Sophomore Kenny Hill, son of the former MLB pitcher, lit up Williams-Brice with the single greatest passing performance in A&M history, completing 44 passes for 511 yards, both of those school records. But do not call that thing you really want to call him; he hates it.


"I don't really like 'Kenny Football,'" said a grinning Hill. "That's played out."

Hill wasn't necessarily supposed to be here—he was suspended indefinitely after an arrest for public intoxication in the spring, and entered camp competing for the job with freshman Kyle Allen, by most accounts the top quarterback recruit in the nation, a pro-style passer ostensibly more in line with what Sumlin's offense is expected to be, and presumed by many the future QB in College Station. But that's the beauty of Sumlin's various iterations of the Air Raid—he'll tailor his schemes to fit his quarterbacks, rather than try to change his quarterbacks to fit his schemes.

Manziel was incorrigible, scrambling, improvising, and generally going rogue with no warning.

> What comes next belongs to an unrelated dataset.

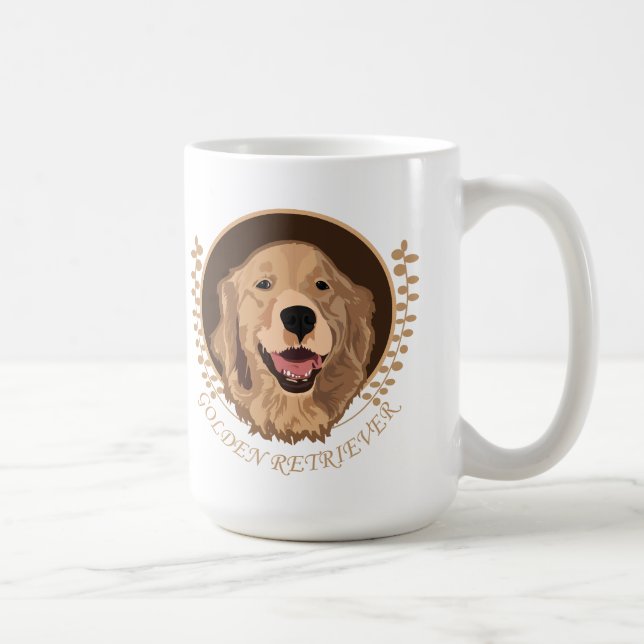 Hund Golden Retriever Kaffemugg (Höger)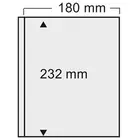 Insteekbladen - Compact, 1 vaks indeling: 180 x 232 mm - Transparent 4 Rings - afm: 188 x 228 mm ■ per stuk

Sumlin respected these as strengths, and ran a version of the spread that allowed Manziel more freedom to change plays at the line, and to take off. But with Hill under center, expect to see a more by-the-book version of the Air Raid, very similar to what Sumlin ran with Case Keenum at Houston.

But Hill is no automaton. While not a scrambler, he is both strong and elusive, and combined with some preternatural poise in his first career start, he was able to thrive even under regular pressure. According to ESPN Stats & Info, the Gamecocks blitzed on 40 percent of Hill's dropbacks. Hill completed 72 percent of his passes while being blitzed, compared with 74 percent on other plays. A big part of that was A&M's standout O-line, but this bodes poorly for the Aggies' future opponents who think there's an easy way to crack the system. Said Sumlin, "What we did tonight showed that we're not a one-trick-pony."

Here's the Aggies' celebration after the win. It was earned. (Music added, but it's almost more right this way.)

Sumlin's probably not long for the college ranks. With an innovative, flexible, and easily executable offense that's now proving successful at the highest levels of FBS, and with Chip Kelly's success with the Eagles washing away the stink of some recent college-to-pro disasters, Sumlin's in high demand. (The Eagles reportedly offered their job to Sumlin first.) A&M's not stupid—that's exactly why they inflated Sumlin's buyout clause to $5 million in the contract he signed last winter. That buyout clause expires after the 2016 season, if you're keeping count. Others certainly are.